● AVAILABLE RECORDS
────────────────────────────────────────

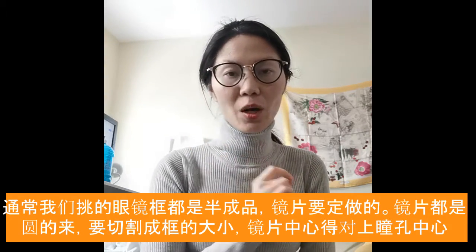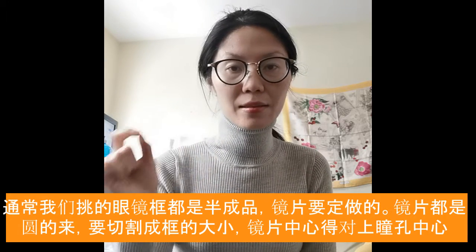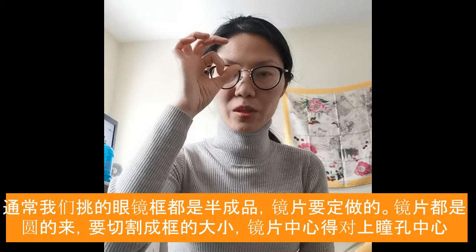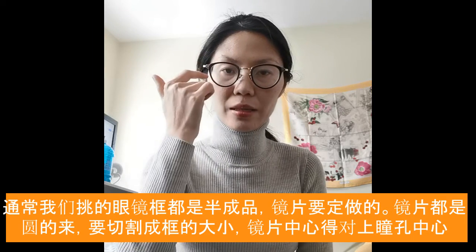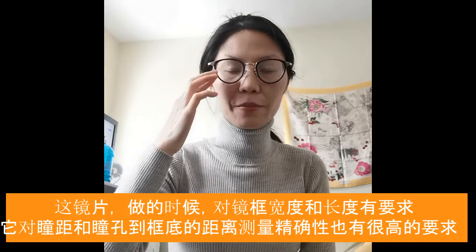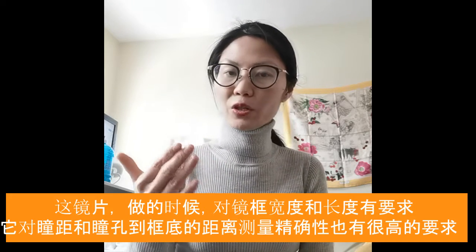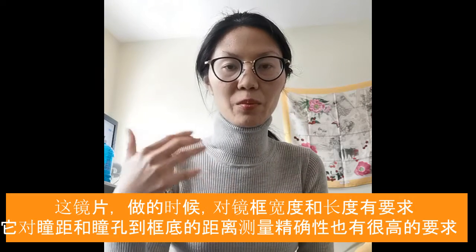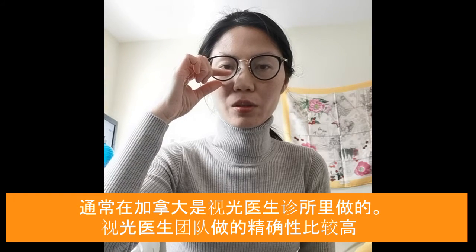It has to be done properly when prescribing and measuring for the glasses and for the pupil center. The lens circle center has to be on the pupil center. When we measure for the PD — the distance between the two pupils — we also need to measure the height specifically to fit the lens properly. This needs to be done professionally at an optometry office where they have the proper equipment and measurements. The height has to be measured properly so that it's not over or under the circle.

────────────────────────────────────────

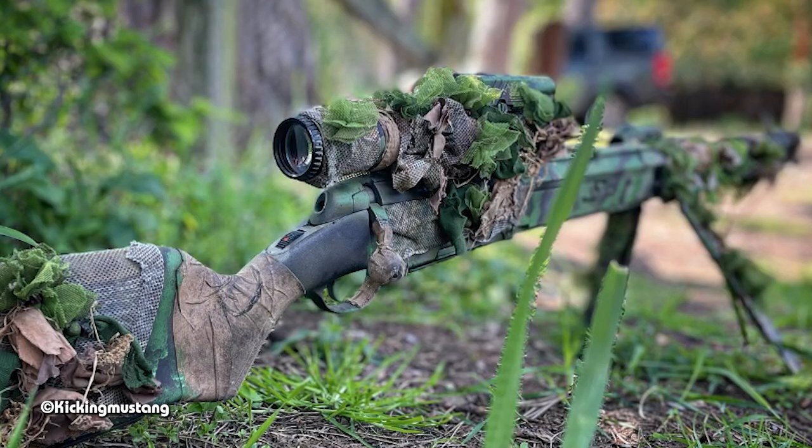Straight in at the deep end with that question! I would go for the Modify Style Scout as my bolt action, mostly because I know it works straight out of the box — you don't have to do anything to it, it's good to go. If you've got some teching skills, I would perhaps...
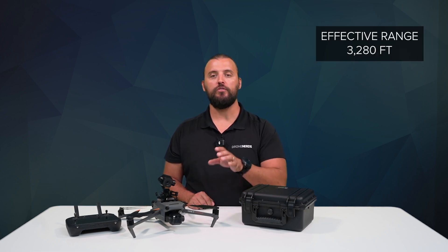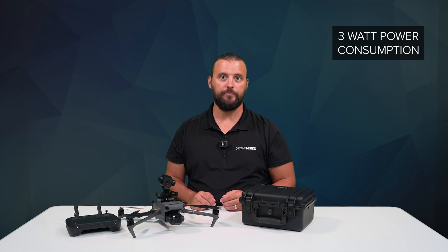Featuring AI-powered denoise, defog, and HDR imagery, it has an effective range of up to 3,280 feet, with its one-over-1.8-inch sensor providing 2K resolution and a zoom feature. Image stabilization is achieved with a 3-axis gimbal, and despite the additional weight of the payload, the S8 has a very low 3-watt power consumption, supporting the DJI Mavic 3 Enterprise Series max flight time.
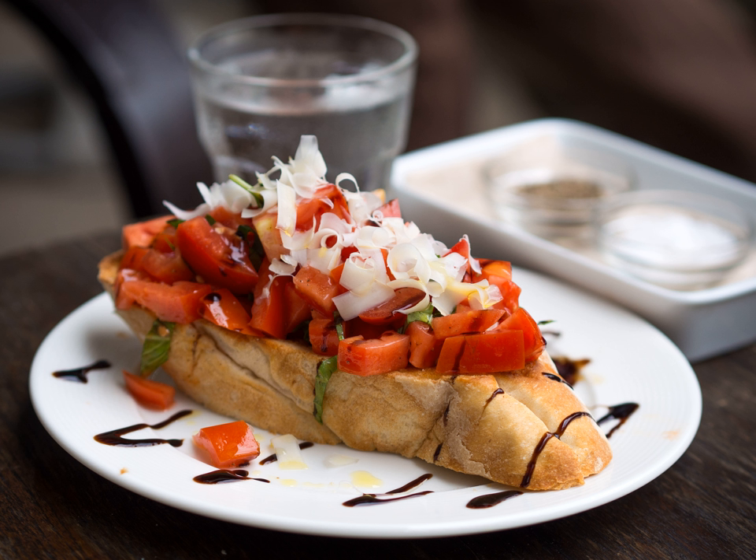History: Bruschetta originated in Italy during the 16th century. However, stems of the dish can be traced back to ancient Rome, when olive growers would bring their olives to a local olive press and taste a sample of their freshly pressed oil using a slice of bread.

────────────────────────────────────────

● YOUR INSTRUCTIONS
What to print is the stretch of entries from the line with "Straight in at" up to and including the line with "History: Bruschetta originated". Please print it exactly and leave out the pictures.

● RESPONSE BELOW
Straight in at the deep end with that question! I would go for the Modify Style Scout as my bolt action, mostly because I know it works straight out of the box — you don't have to do anything to it, it's good to go. If you've got some teching skills, I would perhaps...
Featuring AI-powered denoise, defog, and HDR imagery, it has an effective range of up to 3,280 feet, with its one-over-1.8-inch sensor providing 2K resolution and a zoom feature. Image stabilization is achieved with a 3-axis gimbal, and despite the additional weight of the payload, the S8 has a very low 3-watt power consumption, supporting the DJI Mavic 3 Enterprise Series max flight time.
History: Bruschetta originated in Italy during the 16th century. However, stems of the dish can be traced back to ancient Rome, when olive growers would bring their olives to a local olive press and taste a sample of their freshly pressed oil using a slice of bread.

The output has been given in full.